Received: from unknown (HELO local-michael-cet-test.sh.intel.com)
 ([10.239.159.128])
  by orsmga007.jf.intel.com with ESMTP; 19 Nov 2019 00:48:16 -0800
From: Yang Weijiang <weijiang.yang@intel.com>
To: kvm@vger.kernel.org, linux-kernel@vger.kernel.org,
        pbonzini@redhat.com, jmattson@google.com,
        sean.j.christopherson@intel.com
Cc: yu.c.zhang@linux.intel.com, alazar@bitdefender.com,
        edwin.zhai@intel.com, Yang Weijiang <weijiang.yang@intel.com>
Subject: [PATCH v7 9/9] x86: spp: Add SPP protection check in emulation.
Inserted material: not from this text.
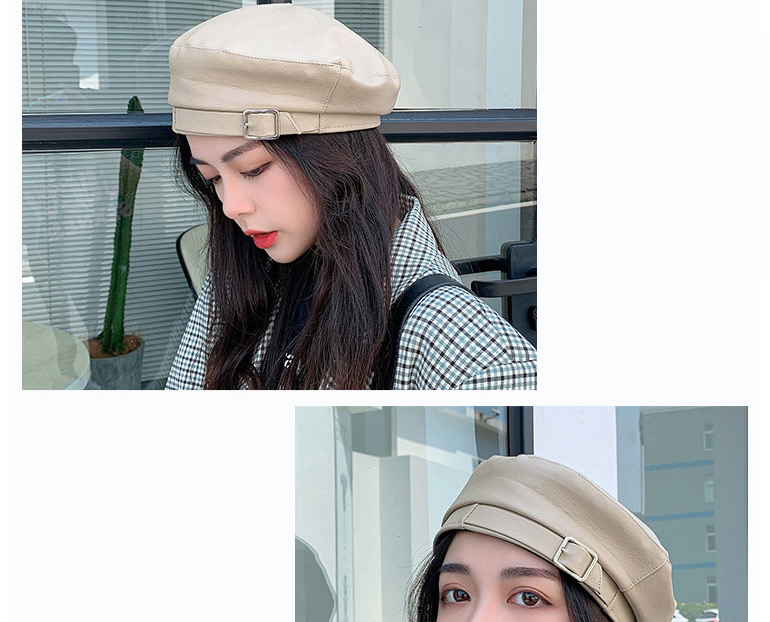 Fashion Khaki Pu Leather Belt Buckle Solid Color Beret,Knitting Wool Hats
Date: Tue, 19 Nov 2019 16:49:49 +0800
Message-Id: <20191119084949.15471-10-weijiang.yang@intel.com>
X-Mailer: git-send-email 2.17.2
In-Reply-To: <20191119084949.15471-1-weijiang.yang@intel.com>
References: <20191119084949.15471-1-weijiang.yang@intel.com>
Sender: kvm-owner@vger.kernel.org
Precedence: bulk
List-ID: <kvm.vger.kernel.org>
X-Mailing-List: kvm@vger.kernel.org

In instruction/mmio emulation cases, if the target write memroy
is SPP protected, exit to user-space to handle it as if it's
caused by SPP induced EPT violation due to guest write.
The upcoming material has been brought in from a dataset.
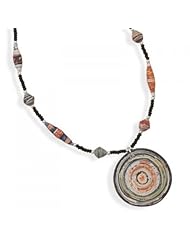 MMA Silver - 16 inch+2 inch Recycled Paper Necklace with Drop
Signed-off-by: Yang Weijiang <weijiang.yang@intel.com>
---
 arch/x86/kvm/x86.c | 36 ++++++++++++++++++++++++++++++++++++
 1 file changed, 36 insertions(+)

diff --git a/arch/x86/kvm/x86.c b/arch/x86/kvm/x86.c
index fa114b5db672..71f5a8ae76cf 100644
--- a/arch/x86/kvm/x86.c
+++ b/arch/x86/kvm/x86.c
@@ -5525,6 +5525,36 @@ static const struct read_write_emulator_ops write_emultor = {
 	.write = true,
 };
 
+static bool is_emulator_spp_protected(struct kvm_vcpu *vcpu,
+				      gpa_t gpa,
+				      unsigned int bytes)
+{
+	gfn_t gfn, start_gfn, end_gfn;
+	struct kvm *kvm = vcpu->kvm;
+	struct kvm_memory_slot *slot;
+	u32 access;
+
+	if (!kvm->arch.spp_active)
+		return false;
+
+	start_gfn = gpa >> PAGE_SHIFT;
+	end_gfn = (gpa + bytes) >> PAGE_SHIFT;
+	for (gfn = start_gfn; gfn <= end_gfn; gfn++) {
+		slot = gfn_to_memslot(kvm, gfn);
+		if (slot) {
+			access = *gfn_to_subpage_wp_info(slot, gfn);
+			if (access != FULL_SPP_ACCESS) {
+				vcpu->run->exit_reason = KVM_EXIT_SPP;
+				vcpu->run->spp.addr = gfn;
+				kvm_skip_emulated_instruction(vcpu);
+				return true;
+			}
+		}
+	}
+
+	return false;
+}
+
 static int emulator_read_write_onepage(unsigned long addr, void *val,
 				       unsigned int bytes,
 				       struct x86_exception *exception,
@@ -5555,6 +5585,9 @@ static int emulator_read_write_onepage(unsigned long addr, void *val,
 			return X86EMUL_PROPAGATE_FAULT;
 	}
 
+	if (write && is_emulator_spp_protected(vcpu, gpa, bytes))
+		return X86EMUL_UNHANDLEABLE;
+
 	if (!ret && ops->read_write_emulate(vcpu, gpa, val, bytes))
 		return X86EMUL_CONTINUE;
 
@@ -6616,6 +6649,9 @@ int x86_emulate_instruction(struct kvm_vcpu *vcpu,
 		return EMULATE_DONE;
 
 	if (r == EMULATION_FAILED) {
+		if (vcpu->run->exit_reason == KVM_EXIT_SPP)
+			return EMULATE_USER_EXIT;
+
 		if (reexecute_instruction(vcpu, cr2, write_fault_to_spt,
 					emulation_type))
 			return EMULATE_DONE;